Apenas podían mis codos y rodillas hacer su juego, asfixiada por el calor y por tanta prenda, pero me las iba a llevar todas, ¡ni una se quedaba en tierra! La azafata no tuvo más remedio que darme la tarjeta de embarque, eso sí, se rió un montón de mi aspecto.

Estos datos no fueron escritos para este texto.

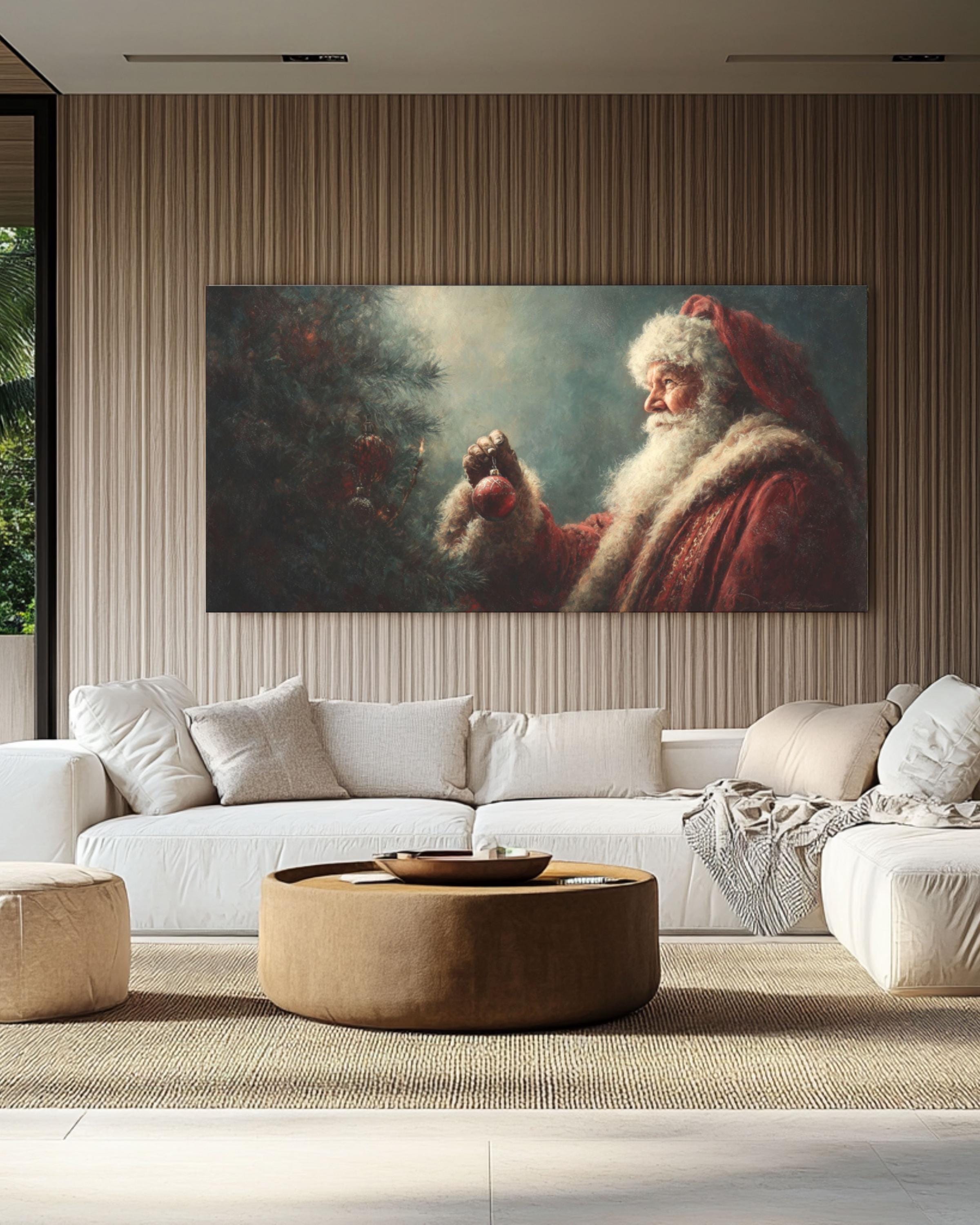 Santa Decorating Christmas Tree Canvas Wall Art – Classic Holiday Oil Painting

Me hicieron pasar tres veces bajo el arco de seguridad, sospechaban que mi gordura era el oportuno disfraz para llevar una bomba. ¡Qué bomba ni que leches, si por culpa de ustedes me he puesto así! Le contesté a la de seguridad, y casi me manda al cuartelillo si no es porque Elena media entre las dos. Ya dentro del avión, apenas quepo en el asiento, claro, cada vez los hacen más estrechos para aprovechar mejor el espacio y meter más viajeros.
No paraba de enfocar hacia mí el chorro del aire que tenía encima de mi cabeza, no hizo falta llegar al Caribe para tener calor, mis mejillas estaban bien encendidas, sobre todo por lo bochornoso de la situación. Por fin nos dan una bebida y unas bolsa de maní. ¡Dios mío con el hambre que tenía y vamos a hacer el viaje con unos pocos cacahuetes en el estomago!

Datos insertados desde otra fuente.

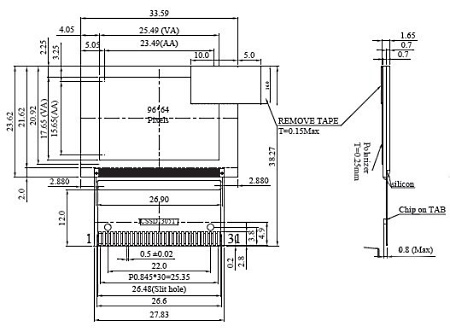 Размеры OLED-индикатора WEX009664A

La última vez, me oyes, le decía a Elena, esto sólo me puede pasar a mí, y claro, tú tan fresca, con tus tirantitos y tu rebequita, ligando a troche y moche, y yo qué, pasándolas canutas.
Tras unas horas interminables en aquel aparato, oímos por megafonía que hacemos escala en Terranova, por problemas eléctricos del aparato. Íbamos a pisar terreno canadiense sin haberlo previsto. Tras descender con alguna dificultad debido a lo abultado de mis ropas y el gran bolso de mano que llevaba, vemos que los relojes marcan las tres de la madrugada, de no sé cual día. Ni un alma por aquella terminal, salvo los pasajeros de nuestro vuelo, y un frío que pelaba, porque allí no era verano, sino invierno. La parada duró más de lo esperado, no había tiendas ni cafeterías abiertas, y debido a la baja temperatura y la poca ropa que llevaban, se veía a los viajeros saltando, dando palmadas para calentarse y algunos hasta abrazándose, Elena era uno de ellos, porque a pesar de toda la ropa que yo llevaba encima, no le dejé ni una prenda, por haberse reído tanto de mi aspecto, no me dio ni pizca de pena, y como habréis adivinado le dije ¡Ande yo caliente, ríase la gente!